I walked her to the afternoon activity shortly before the end of my shift. Passed on to the next shift where she was and when the activity would be over so they could walk her back to her unit. Left. Came back the next morning to learn that shortly after I clocked out, this resident wanted to return to her room, ask the help of the activity volunteer. Who, instead of alerting an aide, took it upon herself to walk this person back to the unit. She didn't even make it to through the doorway of the activity room... broken hip. I'm just sick about it. Since Sunday I can't keep the picture out of my mind of this poor woman lying on the ground, crying "I was doing so well. I was so close. I was going to go home!" :crying2:

Specializes in being a Credible Source.
I understand the trepidation, but if you don't feel like you are able to prevent an injury if the person were to be unstable, then please, please don't ambulate this person by yourself.
I'm not thinking about ambulating them.

I'm actually thinking about several events that have happened when the patient decided to stand/climb/walk by themselves.

One was a EtOH abuser who decided to go AMA and stood up without warning, only to stumble backwards - fortunately right into a chair.

One was a very old guy who, after days and days of lying peacefully in bed decided to get up. I just happened to see him as he was 50% of the way out of bed.

Another was a psychotic patient (on my med-surg floor) who was combative when approached and who decided to walk down the hall (with me trailing a wheelchair). Fortunately, when she finally stumbled, she went back into the chair instead of forward or sideways.
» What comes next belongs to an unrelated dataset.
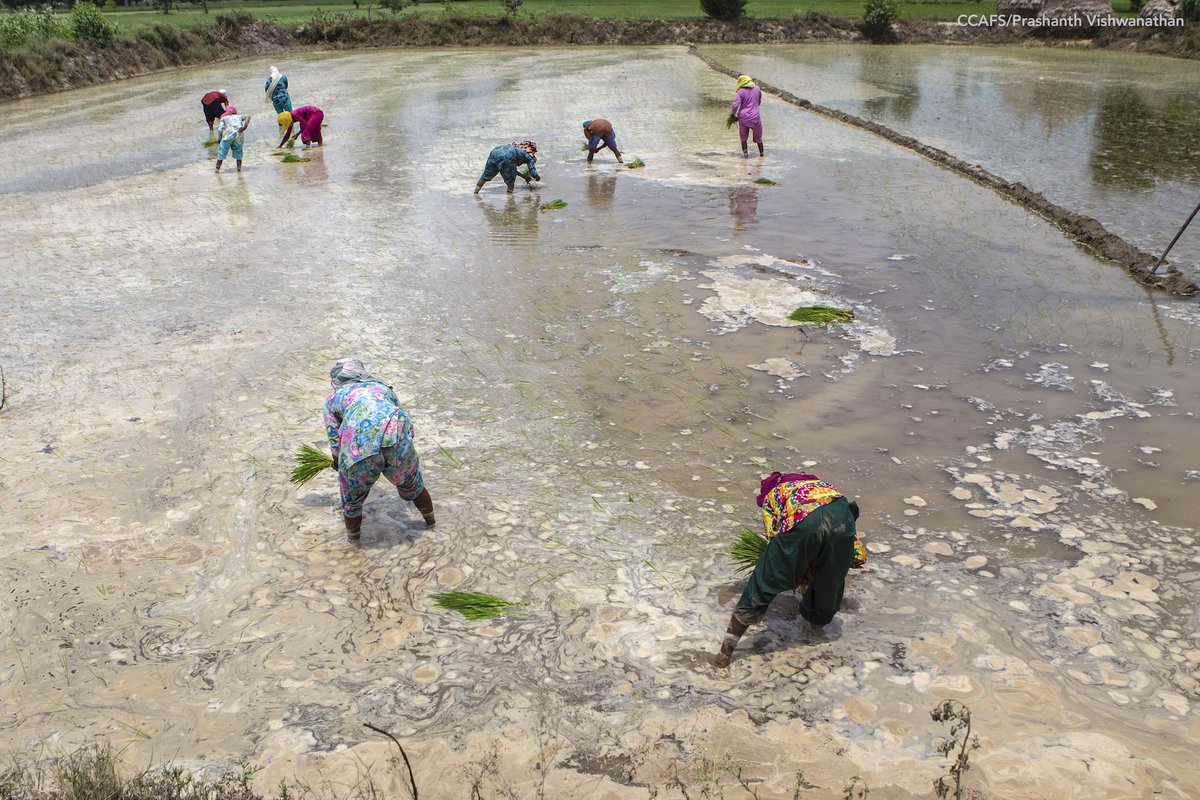 IFPRI's tweet image. Does #gender matter when it comes to preference for a certain #agtechnology? New study finds women to be more willing to pay for labor-saving technologies. doi.org/10.1111/cjag.1… @pkjoshi_Agri @tajuddinmse @avinash_shahi @IFPRISAO @CGIARclimate @icarindia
Another was an old lady with UTI psychosis (again, combative, very, very) who I found climbing over the bedrails.

I've never had trouble with the patients that I ambulate.
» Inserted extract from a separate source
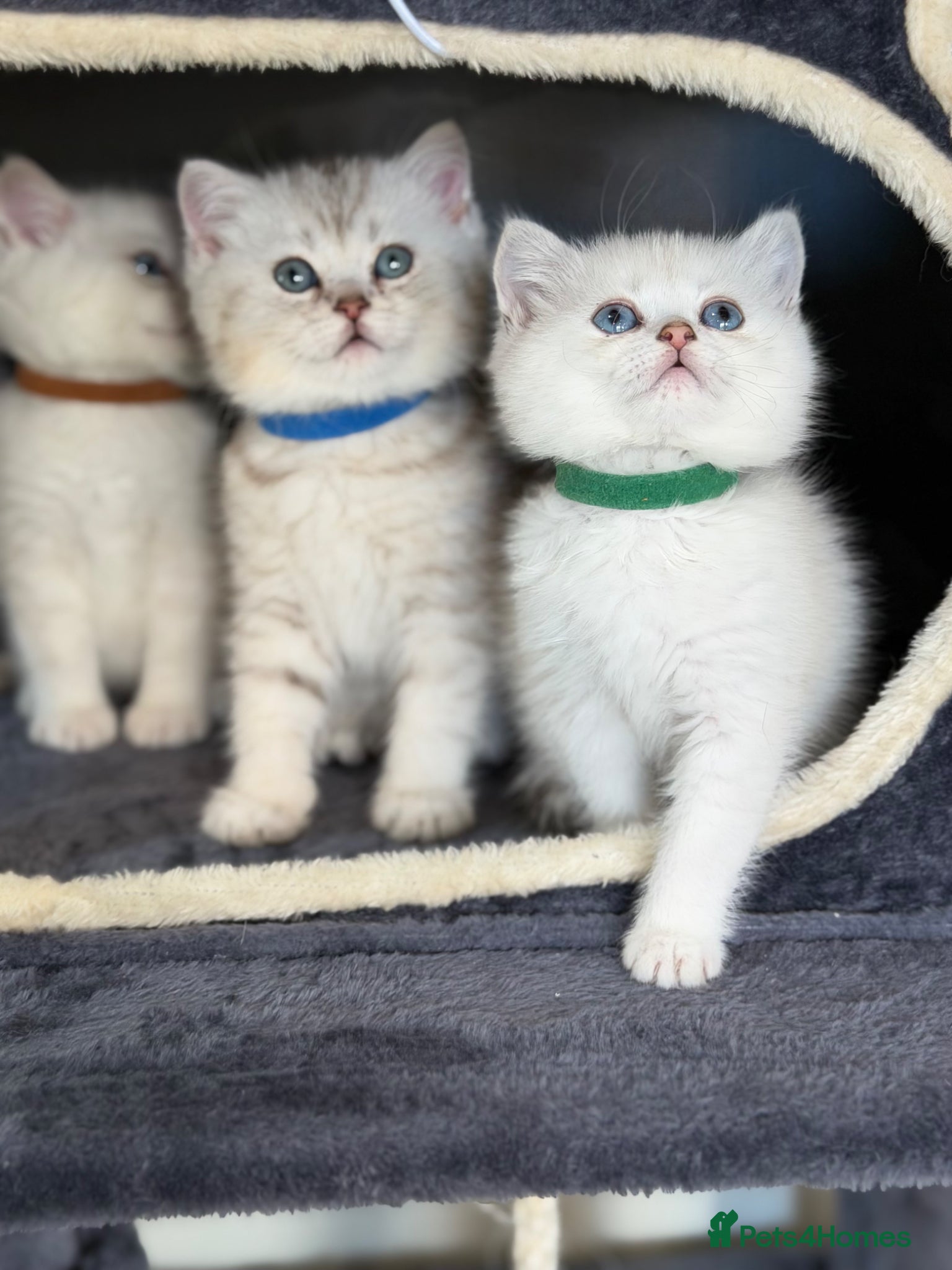 British Shorthair cats British sh kittens Golden point TICA - Advert 1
Sure, if I am in a position to gently lower them down, I will.

Specializes in mental health, aged care/disability care.

We are told to let them fall. I try not to, but sometimes if it's a case of them or me getting hurt I let them fall and try to control it. Not the perfect solution but it's what management wants.

Specializes in ER.

Oh, well, that's different. If you aren't right beside them, what can you do? Making a run and dive usually doesn't help. We used to tie really confused people in, and if they were in line of sight it slowed them down enough that someone could get to the bed before they actually hit the floor. It brought up a whole set of other issues though.
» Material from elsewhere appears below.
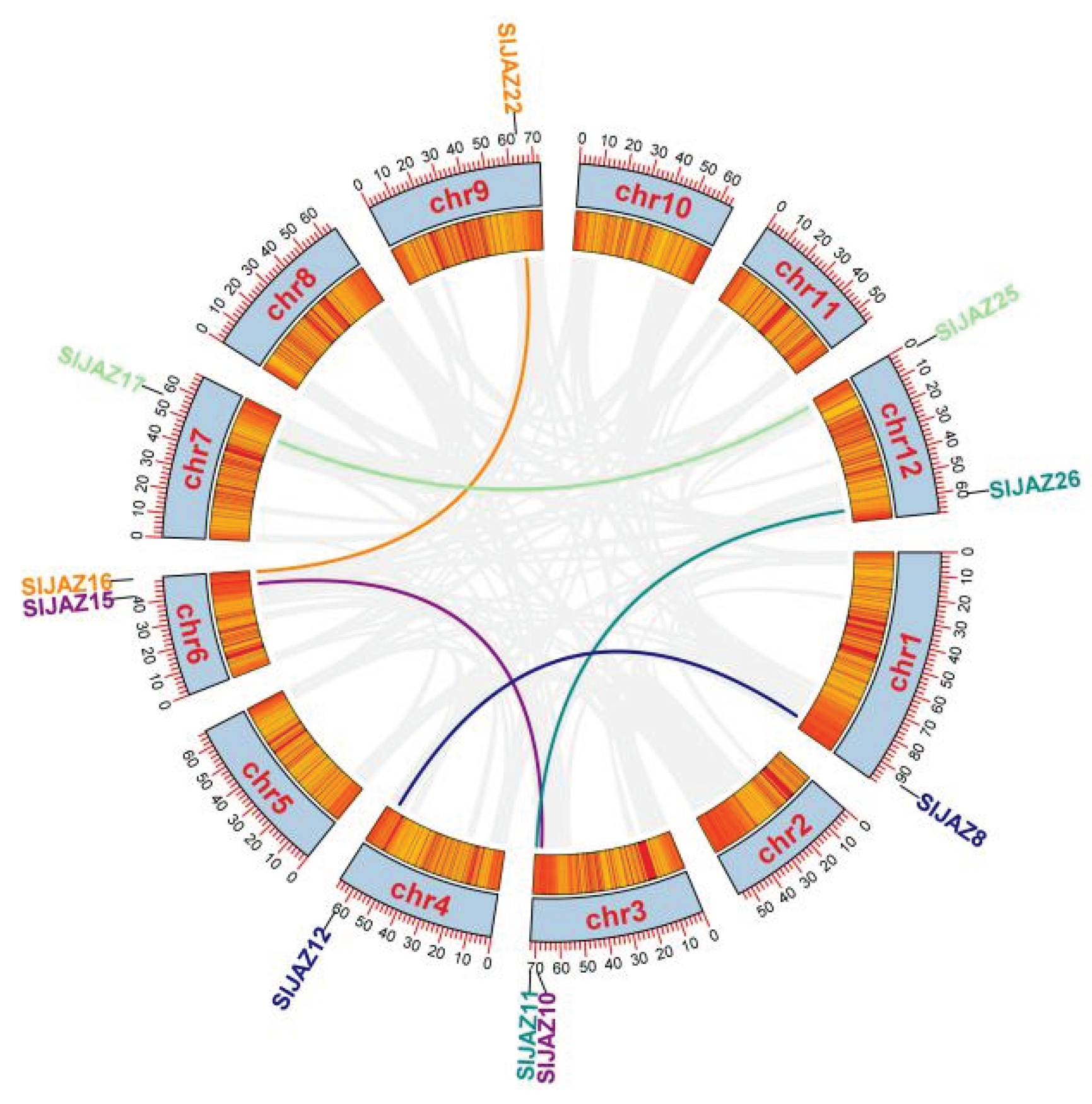 Ijms 22 09974 g005 550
Specializes in OB/women's Health, Pharm.

In skills lab we teach our students how to safely lower a patient down your extended leg without hurting your back. we then go out in the hall and practice it on each other several times. We are big into the Safe Patient Handling movement and are changing our focus from body mechanics, how to do pivot transfersm etc. to using lift equipment and other assists, along with plenty of humans to move patients.

Specializes in CVICU, ED.
In skills lab we teach our students how to safely lower a patient down your extended leg without hurting your back.

This sounds great and all, but I highly doubt it would be very effective when attempting to lower a 300+ lb patient, especially when in the process of falling.

My facility has lifts in all the rooms except two for which we can use a portable one.

Specializes in being a Credible Source.
In skills lab we teach our students how to safely lower a patient down your extended leg without hurting your back.
Of course, a wrenched knee ain't no fun either.
Specializes in OB/women's Health, Pharm.

I should have clarified that this is when they are walking a normal sized person with a safety belt, like when getting a newly deliverd PP Mom up to the bathroom the first time who may faint. I also emphasize not doing anything to risk hurting themselves, and to only use it when things are under control. Otherwise, yell for someone to get a wheelchair, and don't risk it when the fall cannot be controlled or prevented, or if the client is huge or combative.